Civil Beat has successfully challenged this law in court but the police officers’ union is currently appealing the ruling.
Kreidman says even though the spotlight is on the police now, the issue of domestic violence is complex.
Kreidman says for real progress the root causes of abuse must be addressed.
She says “as long as women are seen as objects, as second-class citizens who do not receive 100 percent pay parity with men, they are going to be targets for abusers. Abusers don’t go to work and beat up their bosses. They target their wives and girlfriends, people who have less power.”
Kreidman says improvement won’t come “until all sectors of society work together to change the social inequality that perpetuates gender-based crime.”
She says effective response must come from the police, but a deeper response is needed from all segments of society to halt the causes of violence toward women.
It is going to take more than men periodically parading down city streets in high-heeled shoes in “Walk a Mile in Her Shoes” parades to show they identify with the pain of battered women to end domestic beatings.
“The public gets angry. Then people get over it until the next big incident happens.” — DV counselor Nanci Kreidman
Catherine Betts of the State Commission on the Status of Women says, “Police should have zero tolerance for domestic abuse. If a police officer is convicted of abusing a family member he needs to lose his job. You cannot get away with assaulting people in any other job.”
Some police might be reluctant to turn in fellow officers because current federal law prohibits anyone convicted of domestic violence, even misdemeanor domestic violence, from owning a gun.
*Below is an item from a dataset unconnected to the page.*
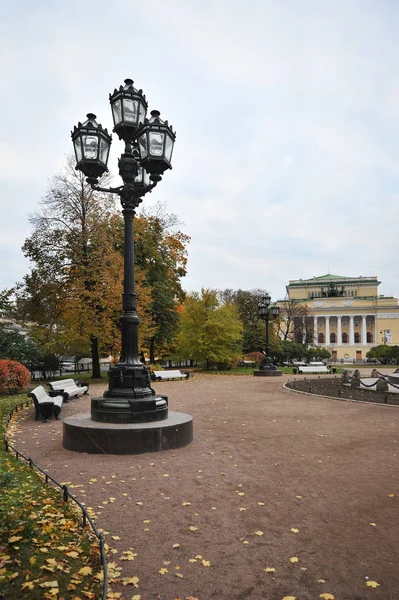 Lanterna de ferro fundido no outono o jardim Catherine em São Petersbu — Fotografia de Stock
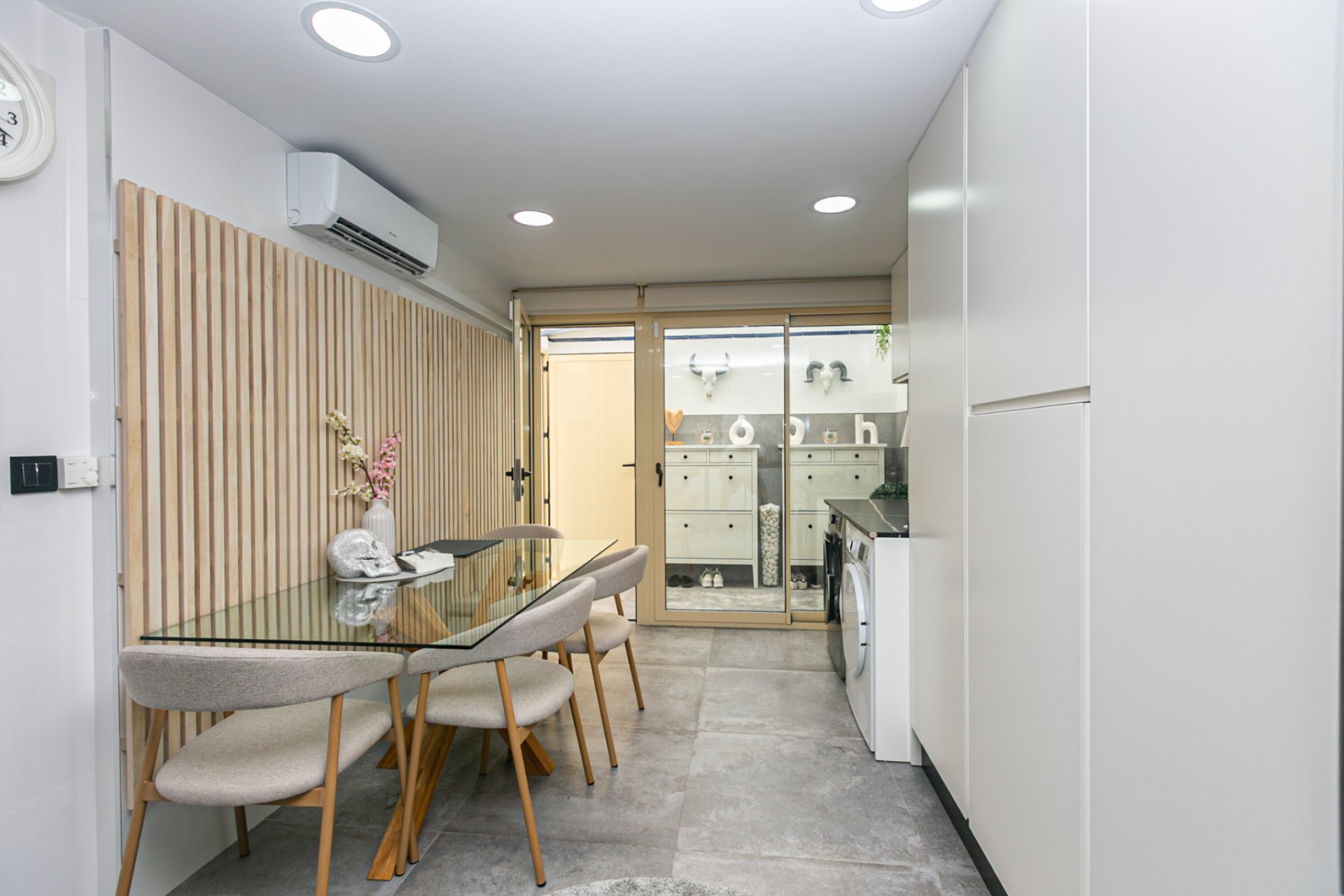 Resale - Quad House -
Mil Palmeras - Riomar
The loss of the right to carry a gun would put most police officers out of work.
Some might question if it’s a fair penalty, but Sen. Thielen says an equally fair question is: “Do we want officers who have been domestic abusers enforcing our domestic abuse laws? Do we want people in these situations policing? It is a conversation we have to have.”
Kreidman, the advocate for family safety, remains hopeful that there will be change.
“I hope the scrutiny the police are under now will lead us together to a better way forward.”